Three days into owning our new Chevy Volt and it’s time for a road trip. This will be an interesting jaunt which will give us a good sense of what this car can do on the road. It will be a (roughly) 200 mile round trip which means it will not be all on electric power.
On this day we planned to take a day trip to Cumberland Mountain State Park. For the trip we briefly pondered whether to take the new Volt or drive our second car, an older SUV. It was really not a hard choice at all since even when running on the gas generator for power, the Volt should give us double the fuel mileage of the SUV.
Decision made, we loaded up four of us in the Volt and headed out. This would be our first trip to this destination so first order of business was to get some directions. One simple touch of the OnStar button was all it took. In a moment we had an OnStar representative asking how she could be of help. We told her where we wanted to go and in a matter of seconds we were hearing first navigation direction over the car stereo while the instructions were also shown on the 7″ screen in the center console stack. Easy peasy!
So off we went and just as expected we made the first part of our trip on electric power alone. No gas (yet). My boys got a kick of watching the available battery power drain away and anticipating the switch over to power coming from the gasoline fueled generator on-board. The Volt predicted this switch over with remarkable accuracy. At the beginning of our trip the dash indicated we had 41 miles of range available from the battery.
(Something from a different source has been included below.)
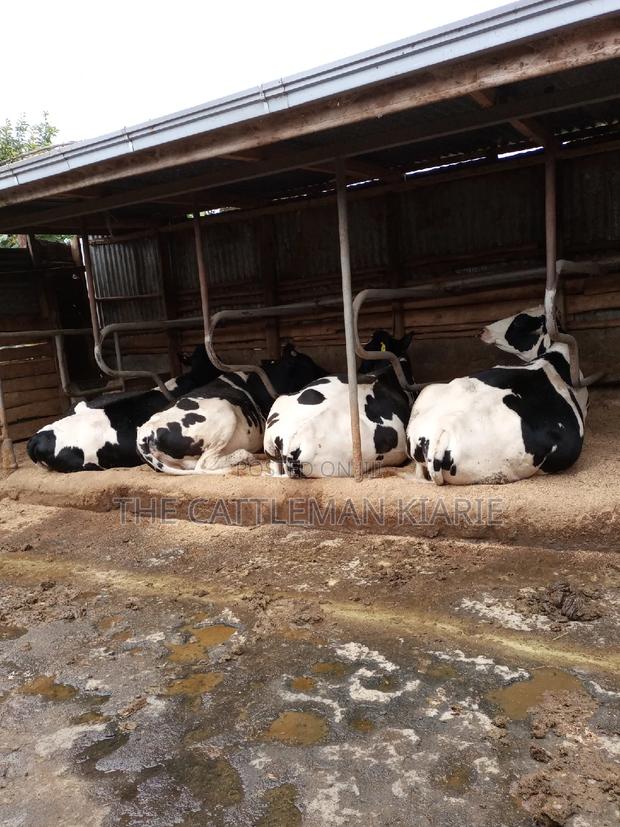 Pedigree Incalf Heifers - main view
Just after we reached 40 miles in our trip the switch happened.
This brings me to one big thing I really love about the Volt as compared to most hybrid vehicles I have had a chance to experience. The switch from electric power (A) comes AFTER 40 miles of travel on electric power and (B) is virtually transparent. If I weren’t watching for the change to come I could well have missed that it happened at all. It was virtually imperceivable. In recent years I have had the chance to drive a number of hybrid vehicles (which the Volt is often compared to) and did not come away with the same experience. In those hybrids (parallel hybrid) the vehicle switches over to using the gasoline power plant quite quickly. It was hard to even clear an intersection from a stop light without triggering the gas burning engine. Also, I have always found it quite obvious when that switch happens. You can feel the gas engine take over quite readily. Not the driving experience I would prefer.
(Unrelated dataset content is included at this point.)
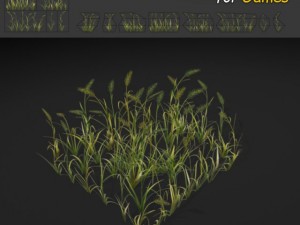 wheatgrass 3D Model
So from this point forward in our trip we would be running the gas powered generator to provide the energy needed to drive the car. Sort of… The Volt has a few different modes available in which it can operate. There is “Normal”, 40-ish miles of electric drive (from a full charge) followed by gas generator power, “Sport”, same as Normal but with more Kick and less electric range, “Mountain” which I will explain in a moment and new with the 2013’s is “Hold” which forces the gas powered generator to run and provide the energy to drive the car while maintaining what ever charge is in the battery when you choose this mode. Lots of options.
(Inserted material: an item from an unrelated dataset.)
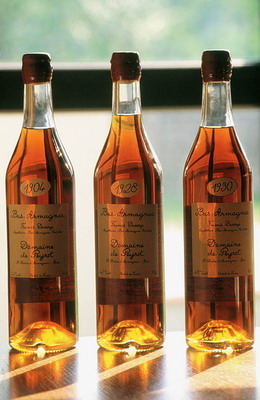 歲末環(huán)球出游攻略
I chose to activate the “Mountain” mode. My understanding of Mountain mode is that it sets the car to rebuild charge into the battery when your battery is mostly depleted. The point is to create a buffer of available energy in the battery to handle more challenging driving conditions like driving up a mountain for example. In my case however, I wanted to have some battery power available to use when I was off the highway and tooling around the state park. I mentioned earlier that it was virtually imperceivable when the car switched over from pure battery power to running the gas powered generator. That was true when running at highway speeds with some wind and tire noises going on. Truth be told though, when you are off the highway and driving around town at lower speeds, you can hear the gas powered engine running. It is not loud and obnoxious mind you, but you can hear it. Once you have experienced the incredible silence of a Volt running on electric power, even the soft hum of the gas powered engine under the hood feels noticeable at times.
So, I activated Mountain mode when I was about 15 miles from reaching my destination. By the time I got to my destination the Volt had built up 9 miles of available range in the on-board battery! Very nice! With that I was able to run around town in near silence from the battery’s energy. It was enjoyable.
Now let me sum up with some statistics from this little day trip in our Volt. The trip was just short of 200 miles in all. The first 40 miles were driven completely from the battery’s stored power. The rest of the trip was powered by the gasoline powered generator creating electricity to drive the car. For the entire trip I used 4.23 gallons of gas and covered 194.5 miles. That means overall I got 45.9mpg from the trip. However, if you back out the miles I benefited from on electric power to get an indication of mpg from gasoline alone, it would be 154.5 miles on 4.23 gallons of gas giving 36.5mpg. Over time as we grow accustomed to driving the Volt I expect all of these numbers to get better and better.
As a basis of comparison if I were driving the car which was replaced by this new Chevy Volt, a Nissan Maxima, we would have needed roughly double the volume of gasoline to cover the same ground. Consider too that most of our driving is NOT with long trips of this type but rather shorter trips to and from work or around town and the difference between the two scenarios in terms of fuel costs is much greater. We’ll get a better picture of that over time with normal use.
Overall our first day trip with the Chevy Volt was very pleasurable indeed. From OnStar to fuel savings to the great driving experience in the Volt, I wouldn’t hesitate to take this car on any extended drive at all.